• [Exercise brief]
Each line from the one containing "Used 2016 Dodge Challenger SXT image 26" to the end of the data must be copied exactly, the first and last included; no other lines and no pictures belong in the copy.

• [Provided records]
----------

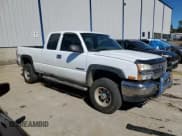 ✅ 2004 Chevrolet Silverado 2500HD LS • VIN: 1GCHK29U74E112639 • Lot: 85643665. Wystawiony na Copart z przebiegiem 261 870 mil. Bezpłatny archiwum sprzedaży aukcyjnych z USA i szczegółowy raport historii pojazdu na DreamBid. Zdjęcie 4.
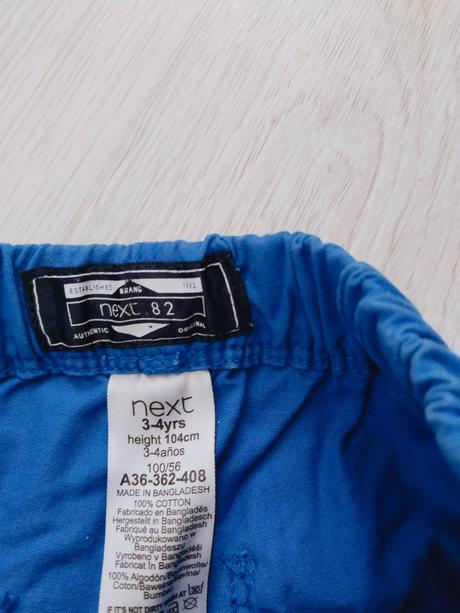 Šortky next, next,104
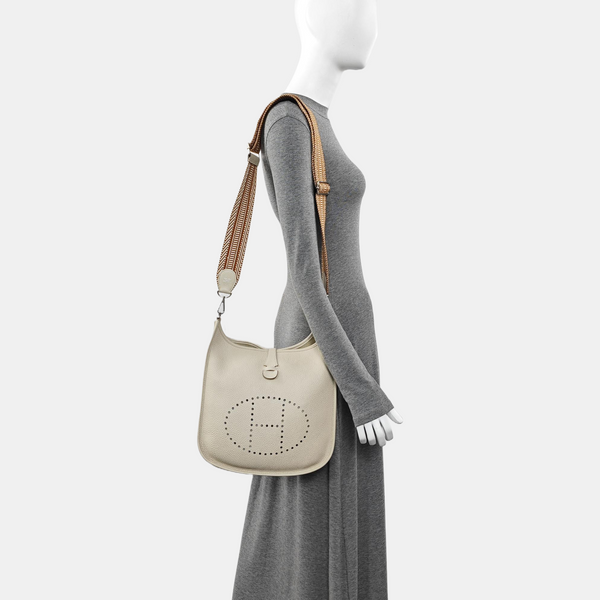 Evelyne 29 Clemence White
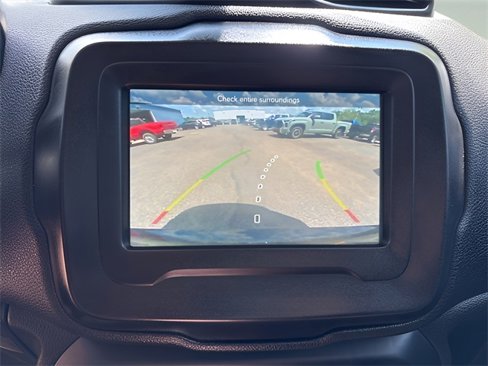 Used 2018 Jeep Renegade Altitude image 13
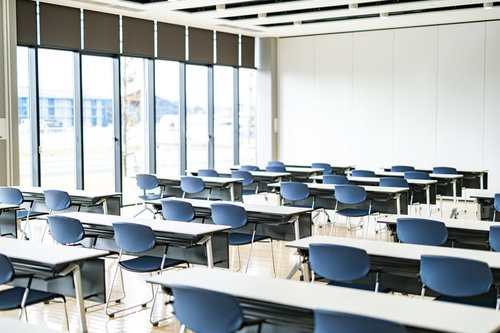 大会議室での会議・セミナー開催風景（双葉町産業交流センター）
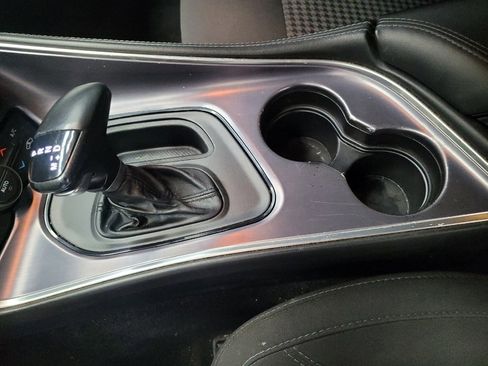 Used 2016 Dodge Challenger SXT image 26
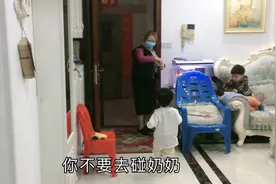 父母回老家三天，回到家还没欢迎拥抱，儿子先用75度酒精全身消毒视频封面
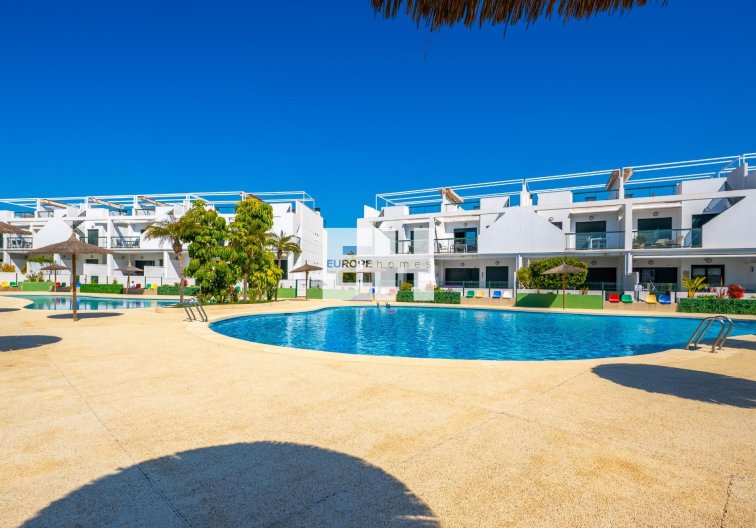 Resale - Apartment - Orihuela Costa - Mil Palmeras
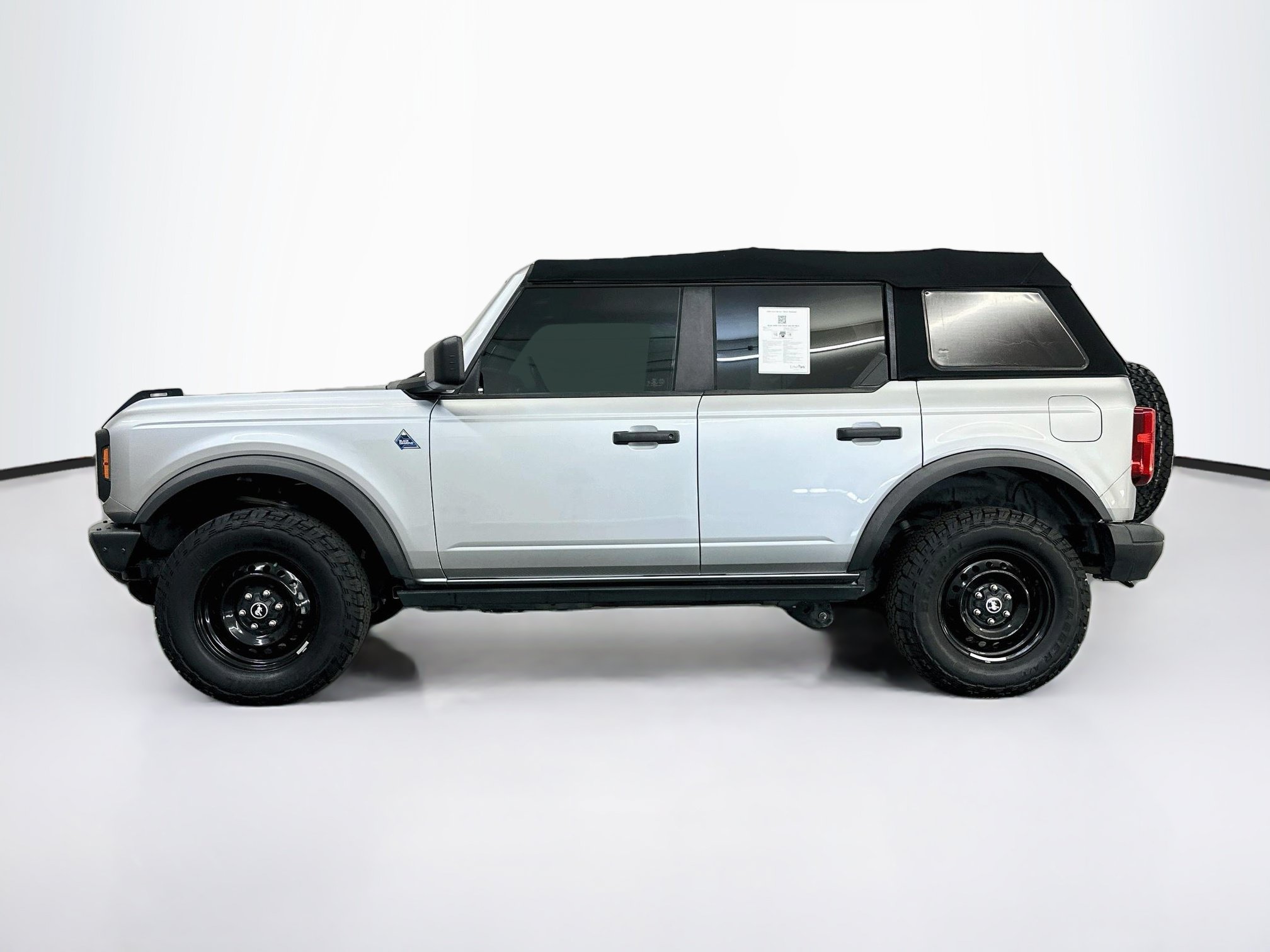 Used 2023 Ford Bronco Black Diamond AWD/4WD image 4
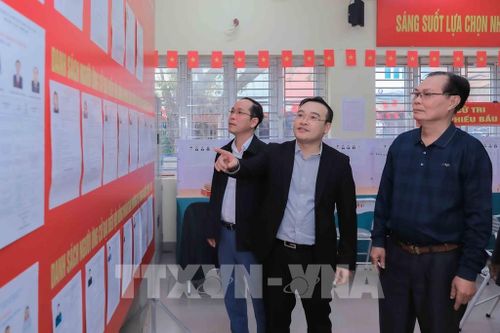 Ông Vũ Xuân Trường (đứng giữa), Chủ tịch UBND phường, Phó Chủ tịch Ủy ban Bầu cử phường Việt Hưng, kiểm tra công tác chuẩn bị tại khu vực bỏ phiếu số 22, đơn vị bầu cử số 5. Ảnh: Phan Phương - TTXVN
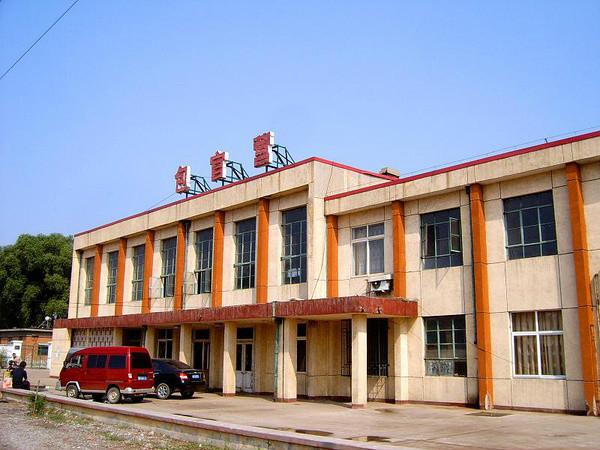包官营站建于1982年,位于河北省迁安市夏官营镇包官营村,离南仓站209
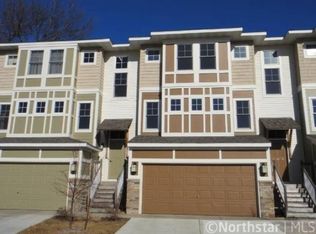 1911 Red Maple Ln, Northfield, MN 55057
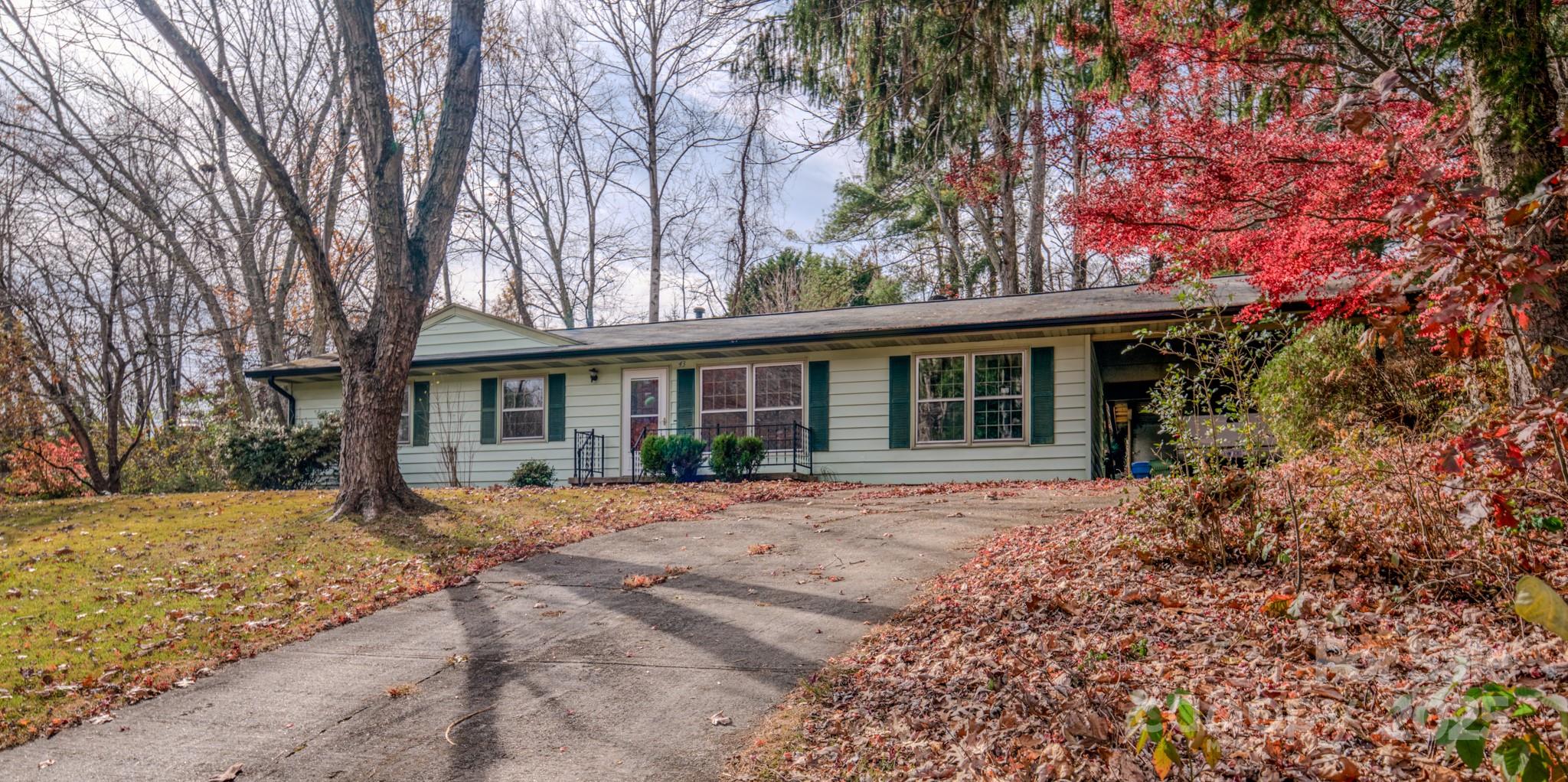 43 Lancelot Lane Asheville NC 28806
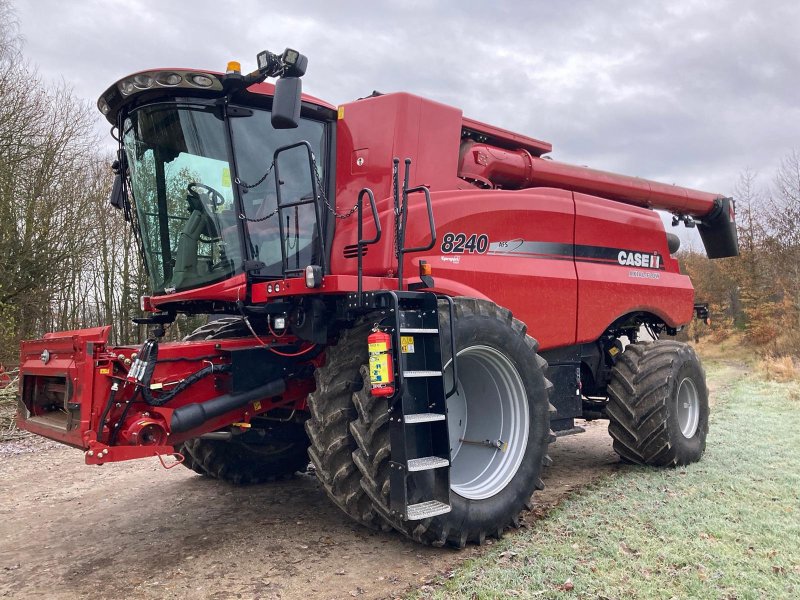 Mähdrescher типа Case IH 8240 AFS, Gebrauchtmaschine в Trige (Фотография 1)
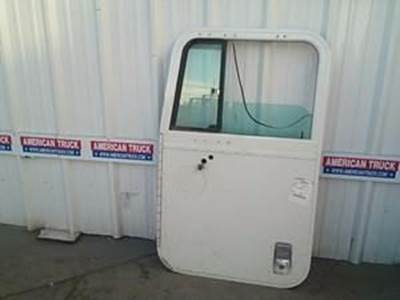 Used Driver Side Door In Good Shape For 2001 InTERNATIONAL 9200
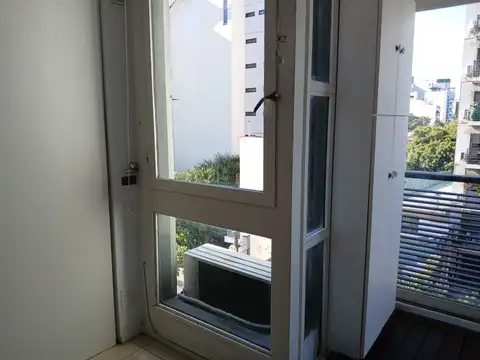 Departamento en Alquiler en Chacarita, $ 600.000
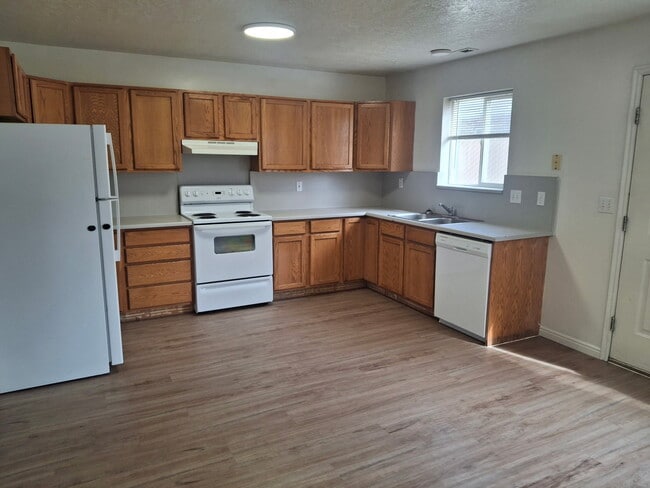 1376 N 260 W, Logan, UT 84341 - photo 3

----------

• [Reply]
 Used 2016 Dodge Challenger SXT image 26
 父母回老家三天，回到家还没欢迎拥抱，儿子先用75度酒精全身消毒视频封面
 Resale - Apartment - Orihuela Costa - Mil Palmeras
 Used 2023 Ford Bronco Black Diamond AWD/4WD image 4
 Ông Vũ Xuân Trường (đứng giữa), Chủ tịch UBND phường, Phó Chủ tịch Ủy ban Bầu cử phường Việt Hưng, kiểm tra công tác chuẩn bị tại khu vực bỏ phiếu số 22, đơn vị bầu cử số 5. Ảnh: Phan Phương - TTXVN
包官营站建于1982年,位于河北省迁安市夏官营镇包官营村,离南仓站209
 1911 Red Maple Ln, Northfield, MN 55057
 43 Lancelot Lane Asheville NC 28806
 Mähdrescher типа Case IH 8240 AFS, Gebrauchtmaschine в Trige (Фотография 1)
 Used Driver Side Door In Good Shape For 2001 InTERNATIONAL 9200
 Departamento en Alquiler en Chacarita, $ 600.000
 1376 N 260 W, Logan, UT 84341 - photo 3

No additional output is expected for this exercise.